Nashville Continues To Make Presence Felt In Grammy Week

This appeared in The Tennessean - February 9, 2007

I knew Grammy Week 2007 had begun after I checked into my hotel Wednesday and immediately saw a very flattering feature on Universal Music Group's Luke Lewis in People: Hollywood Daily, which is distributed throughout the music industry here.

Although the red carpet is just being laid downtown for Sunday's show and many of Nashville's bold-face names are just arriving, Nashville's presence is already making itself known. Along with Mary J. Blige and the Black Eyed Peas', Josh Turner was featured in the Los Angeles Times special Grammy section on Wednesday. In it, he discusses the mixed emotions he'll feel if nabbing a Grammy means taking a victory away from his musical hero, Willie Nelson. What a nice guy. My only conflict would be deciding which designer gown to wear.

Obviously, Carrie Underwood and the Dixie Chicks, who graced Thursday's People: Hollywood Daily, are getting the most buzz. Both are nominated in the Grammy's biggest categories.

In the Times' "Mt. Grammy" feature, which claims Justin Timberlake and Gnarls Barkley are "peaking" and John Mayer and the British acts are "climbing." it describes Carrie as being "At Base Camp," along with Arctic Monkeys and The Fray.

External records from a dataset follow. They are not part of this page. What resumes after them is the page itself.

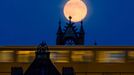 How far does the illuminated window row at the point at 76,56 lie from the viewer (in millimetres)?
48062

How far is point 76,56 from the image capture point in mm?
48562

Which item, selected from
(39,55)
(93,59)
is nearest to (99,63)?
(93,59)

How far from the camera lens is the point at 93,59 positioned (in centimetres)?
4875

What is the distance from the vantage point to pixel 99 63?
160 feet

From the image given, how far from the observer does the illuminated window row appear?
48.1 metres

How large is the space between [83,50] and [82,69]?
1953 millimetres

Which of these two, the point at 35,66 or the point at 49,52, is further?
the point at 35,66

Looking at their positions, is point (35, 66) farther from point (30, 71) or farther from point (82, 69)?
point (82, 69)

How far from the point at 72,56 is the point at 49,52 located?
184 centimetres

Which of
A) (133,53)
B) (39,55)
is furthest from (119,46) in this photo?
(39,55)

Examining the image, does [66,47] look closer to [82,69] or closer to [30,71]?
[82,69]

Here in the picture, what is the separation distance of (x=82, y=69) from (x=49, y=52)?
2.49m

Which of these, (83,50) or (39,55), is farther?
(39,55)

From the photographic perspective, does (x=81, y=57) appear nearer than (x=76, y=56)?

It says, "The Right Mix: Carrie Underwood math: A little country + a little rock 'n' roll + a pinch of piety + a hint of rebellion = a lot of Grammy votes."

Carrie was among those on Thursday night's guest list of the much-anticipated Grammy Foundation event called The Soul of Country, held at the Wilshire Ebell Theater. This annual celebration, which honored the music of New Orleans in 2006, this year highlighted the invaluable cultural contributions of country music. It was only fitting that Marty Stuart was tapped to host because he's been country music's ambassador for preserving and honoring country's rich heritage.

"The bottom line is, it's a wonderful evening of music," Marty says. "I love country music the very most when the past, present and future collide, and that is what's happening tonight.

"It only enriches the Grammys. It absolutely tells me that the family of country music is still alive and well. I still hang on to the fact that the country music I know and love most, we are a family. I love it when everybody gets to get together and be honored and recognized."

Historical film footage from the Country Music Hall of Fame and Museum was shown, and at press time, the lineup consisted of performances by Shooter Jennings, LeAnn Rimes, Joe Nichols, Charley Pride, Deana Carter and Brian McKnight. Also making appearances were actor Terrence Howard, director Taylor Hackford andsinger Solomon Burke. Porter Wagoner had a surprise walk-on, which marked the first time he has performed in Los Angeles.

"It just takes me awhile, I guess," Porter said. "I never had an occasion to play here. I've been here many, many times before, but I never played here before. I'm enjoying the sunshine out here in beautiful L.A."

His wardrobe of choice for such an auspicious debut? "Just a rhinestone suit with a lot of stuff on it," he says. "It's nice looking." In other words, just Porter's version of business casual.

Porter recently recorded a new Marty-produced album for the punk rock label Anti-Records, so they went to the label's headquarters Wednesday for the staffers to meet the Opry legend. "It was so wonderful yesterday to see the kids come out of their offices and just melt in Porter's presence," Marty says.

Porter remains stunned by the reaction.

"In my many years of country music business, I've never been so touched by a bunch of young people," he says. "They came out and it's like they had been waiting to meet me. They had the excitement like they had a new Elvis record. It was just unbelievable."

Apparently, Porter has been bitten by the West Coast performance bug. He's flying back home today but will return to L.A. next week to perform a show with Neko Case. "It's just an exciting place for me to be right now."

Ah, finally, a sentiment that everyone from the Dixie Chicks to Carrie can agree on.